There are almost no instances except the one toward John Dean’s testimony when Felt said, “Look, this goes everywhere.” Outside of that one, I think there were almost always other sources involved, with maybe one or two exceptions.
IMUS: Where would this story have gone without his help, Felt’s help?
WOODWARD: It’s really hard to tell. But what’s so clear from, we hope, “All the President’s Men,” that there were dozens of sources. And in the committee to re-elect the president, in the White House, now it’s clear, in the FBI and other places, and so it’s a matter of piecing together.
You know, I think somebody was talking about one of our stories about the tape gap, and it said five sources. We often had five sources for stories.
IMUS: We’re talking with Bob Woodward and Carl Bernstein here on the IMUS IN THE MORNING program. It’s nine minutes before the hour.
Back to this-your relationship with him over the past 30 years, and before he lapsed into these stages of apparently dementia, how-and you may have told me this, but bear with me. How did he feel about all of this, all of these years?
WOODWARD: Well, that’s what-that’s the story we’re going to tell, because it’s got some surprising twists and turns.

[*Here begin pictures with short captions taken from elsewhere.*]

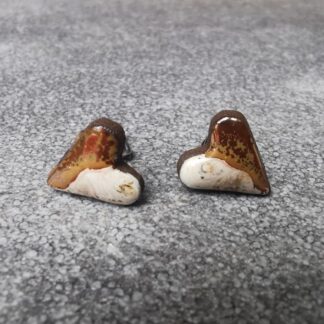 Kolczyki ceramiczne wkrętki serca kremowo-złote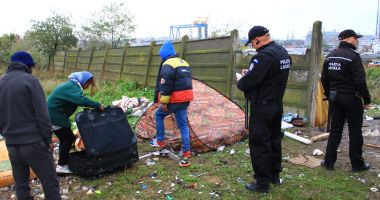 Stire din Social : Poliția Locală continuă acțiunile de menținere a ordinii în oraș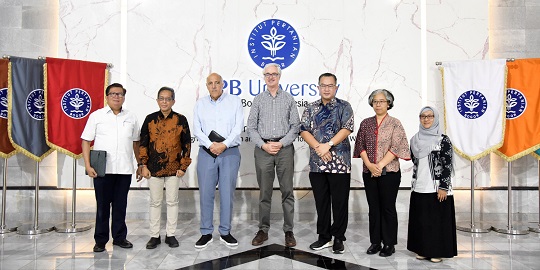 Profesor Stanford University Tekankan Pentingnya Blue Food dalam Kuliah Umum di IPB
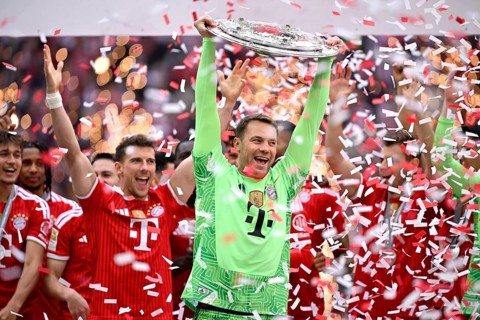 Goalkeeper Manuel Neuer FC Bayern Munich FCB (01) Leon Goretzka FC Bayern Munich FCB (08)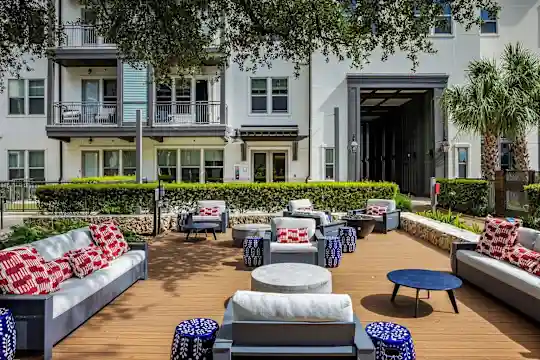 AMLI Lakeline - Austin, TX - Photo 7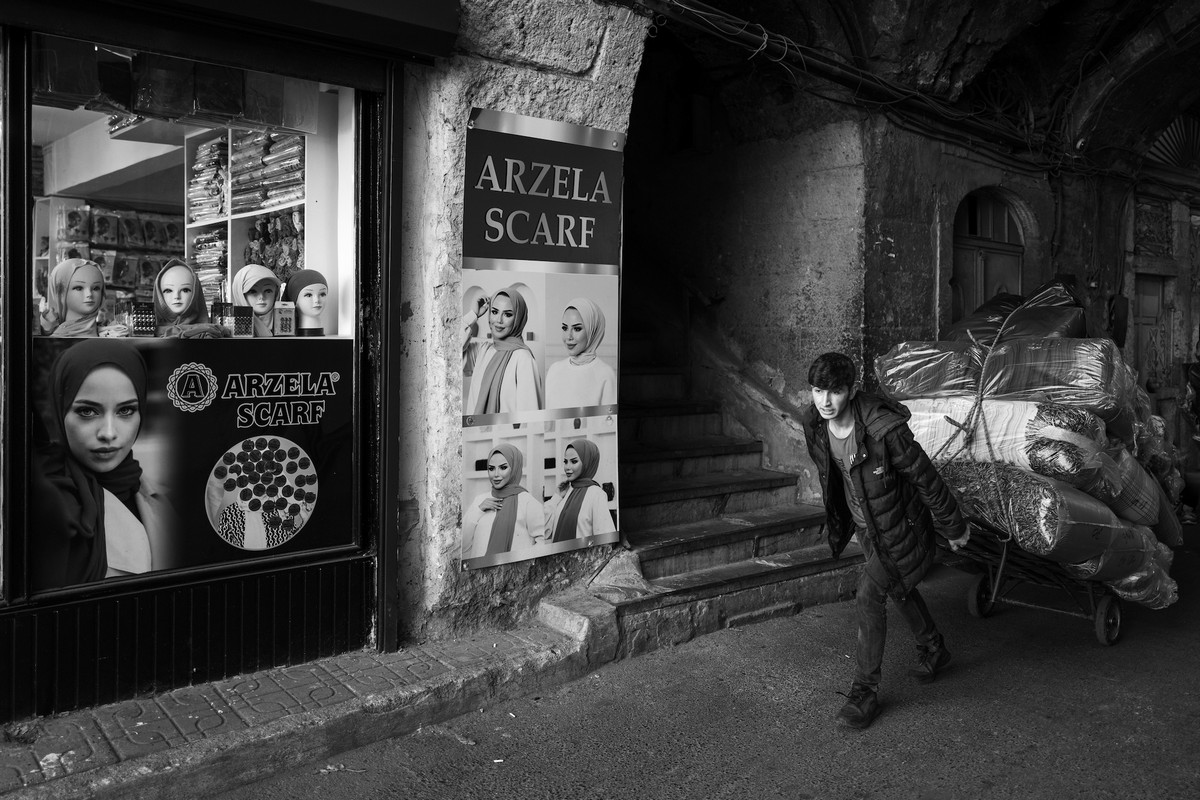 Впечатляющие уличные снимки от Эрхана Корала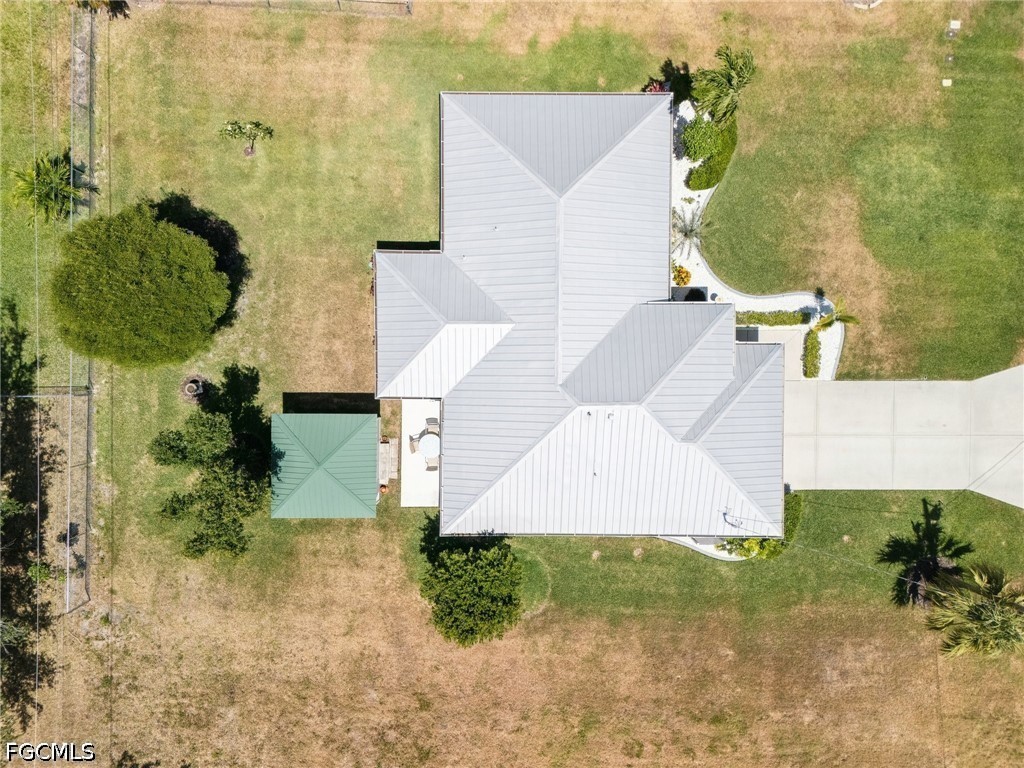 914 SW 3rd Avenue Cape Coral FL 33991 2026019540 image35
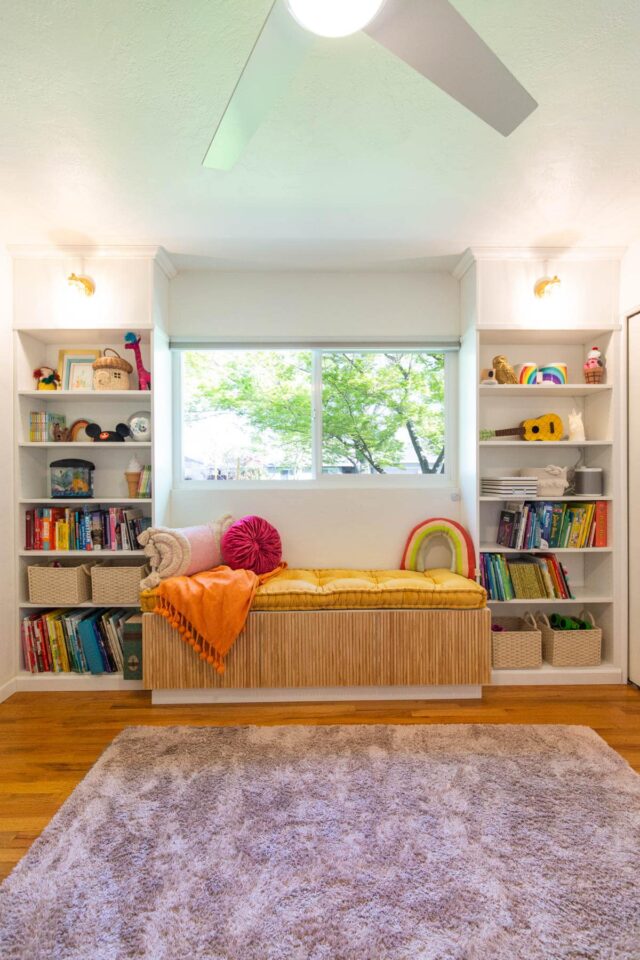 IKEA HACK: DIY BUILT IN BOOKSHELVES WITH A WINDOW SEAT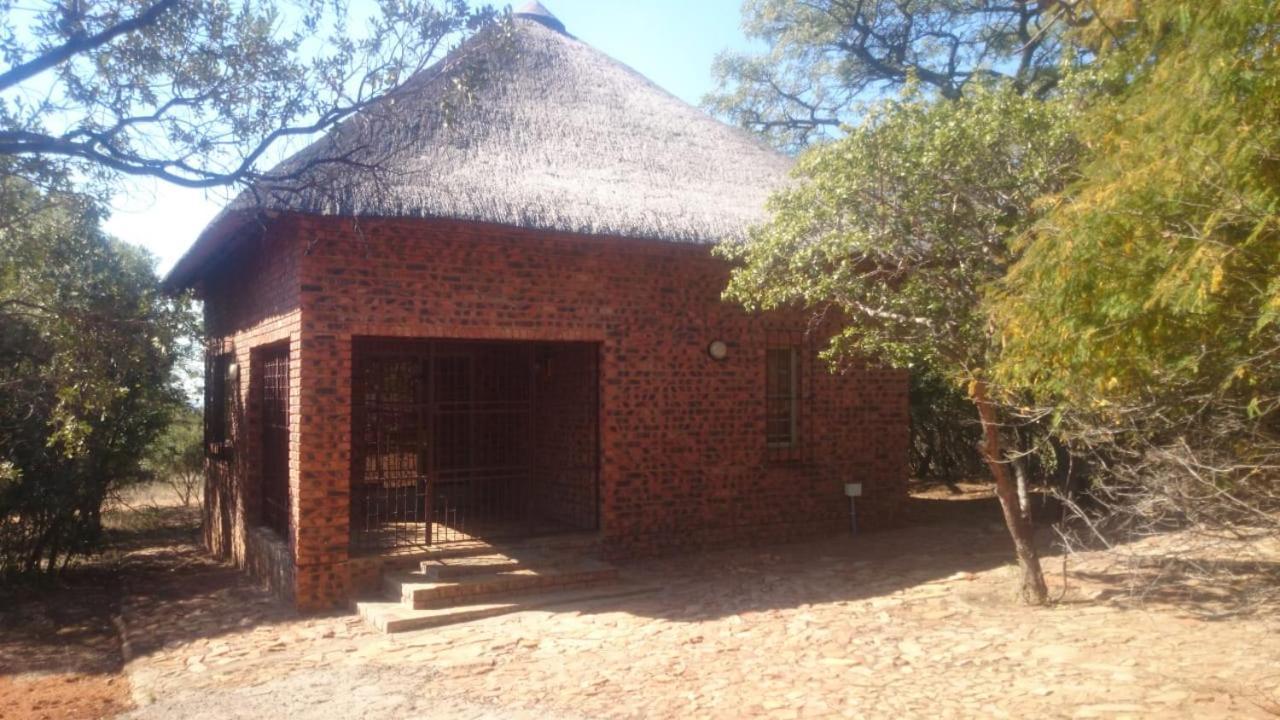 Montanique Lodge Buffelspoort Kültér fotó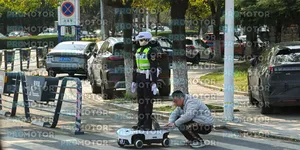 Video / Roboții polițiști au început să apară în intersecții. China testează viitorul traficului rutier
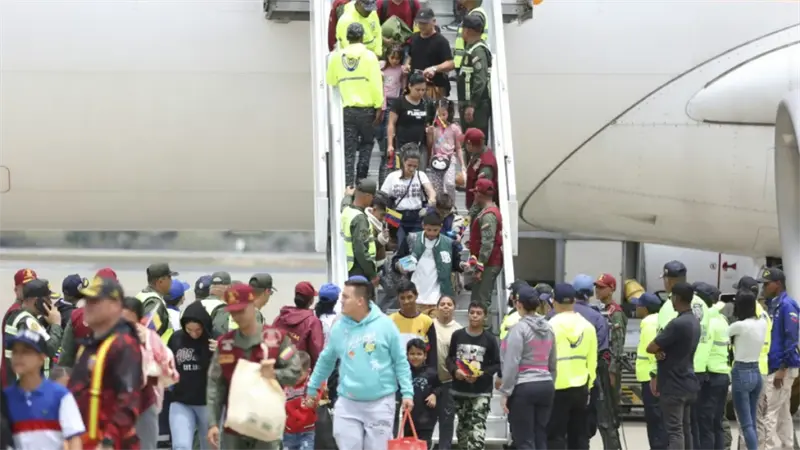 Llegan a Venezuela 120 migrantes en un vuelo de repatriaci&oacute;n proveniente de Miami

Just, you know, as a matter of public record, Nixon testified at Mark Felt’s trial when he was indicted for authorizing break-ins at the homes of family members of the weather (ph) underground. The irony of that.
When Felt was convicted, he was pardoned by none other than Ronald Reagan. So there’s a whole three-decade story here.
IMUS: It seems like, just looking at it, that everybody who was involved in this, you and Carl and Ben and a number of other people, survived this and had a-you know, developed fairly successful careers out of all of this, and that the only one who didn’t benefit from this all in terms of not financially, but either-psychologically, particularly, was Mr. Felt himself. It seems like-the impression I get is that he had a fairly miserable life for 30 years, full of regret and torment and whatever.
WOODWARD: I think uncertainty. But as I was saying earlier...
BERNSTEIN: He had a full family life, too, and a wonderful life, I think, with his wife. I think that he-he was someone, I think, who was tormented by what had happened to this bureau that he had been a part of, and then by what his role was.
I think there was-you know, that he did have ambivalence. I mean, I think that’s one of the things that’s so compelling about-about the whole story. It’s a very human enterprise.